══ Data for review

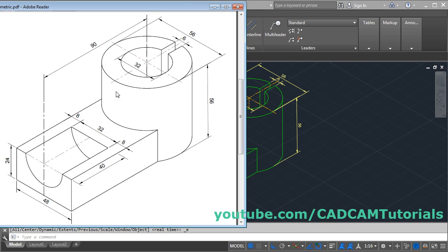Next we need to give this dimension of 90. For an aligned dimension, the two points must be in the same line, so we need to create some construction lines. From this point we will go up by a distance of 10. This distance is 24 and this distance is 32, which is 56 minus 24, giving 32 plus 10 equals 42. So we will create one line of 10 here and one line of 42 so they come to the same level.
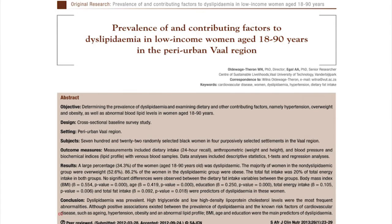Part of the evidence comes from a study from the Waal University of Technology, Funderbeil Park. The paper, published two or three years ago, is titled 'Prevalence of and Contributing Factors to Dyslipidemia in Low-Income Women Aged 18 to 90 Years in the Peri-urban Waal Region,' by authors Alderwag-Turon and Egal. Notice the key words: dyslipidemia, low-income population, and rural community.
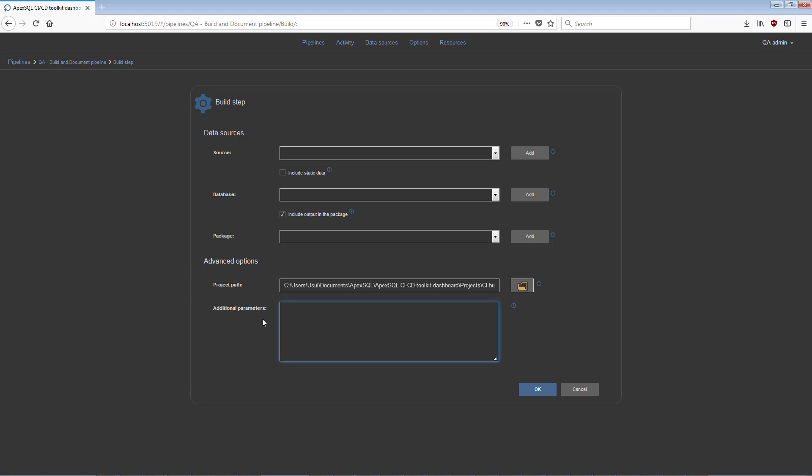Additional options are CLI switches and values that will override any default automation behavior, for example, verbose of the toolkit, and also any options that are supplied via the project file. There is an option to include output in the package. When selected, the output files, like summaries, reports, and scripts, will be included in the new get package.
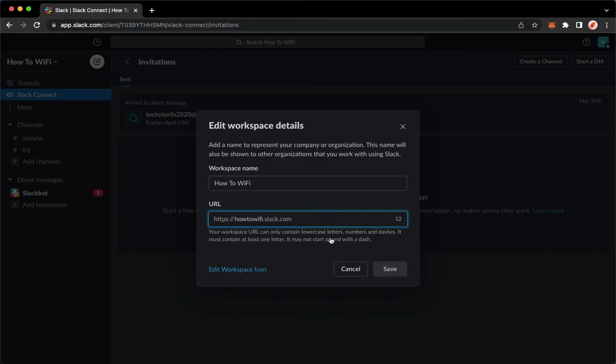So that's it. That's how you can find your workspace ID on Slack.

════
══ Data for review

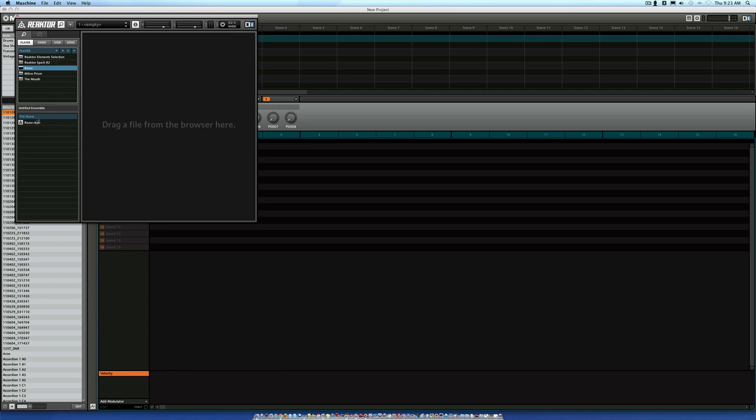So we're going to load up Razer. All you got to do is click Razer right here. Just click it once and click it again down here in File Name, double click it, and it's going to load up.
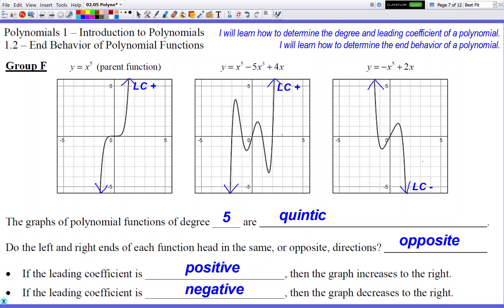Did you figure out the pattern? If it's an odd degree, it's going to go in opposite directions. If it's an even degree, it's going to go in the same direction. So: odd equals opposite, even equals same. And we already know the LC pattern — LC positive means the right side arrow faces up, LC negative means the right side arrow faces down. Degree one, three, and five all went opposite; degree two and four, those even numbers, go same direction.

════

In the records above, everything from the line with "Part of the" down to the line with "So that's it." is to be set down exactly, both ends included, with no pictures and no other lines.

Part of the evidence comes from a study from the Waal University of Technology, Funderbeil Park. The paper, published two or three years ago, is titled 'Prevalence of and Contributing Factors to Dyslipidemia in Low-Income Women Aged 18 to 90 Years in the Peri-urban Waal Region,' by authors Alderwag-Turon and Egal. Notice the key words: dyslipidemia, low-income population, and rural community.
Additional options are CLI switches and values that will override any default automation behavior, for example, verbose of the toolkit, and also any options that are supplied via the project file. There is an option to include output in the package. When selected, the output files, like summaries, reports, and scripts, will be included in the new get package.
So that's it. That's how you can find your workspace ID on Slack.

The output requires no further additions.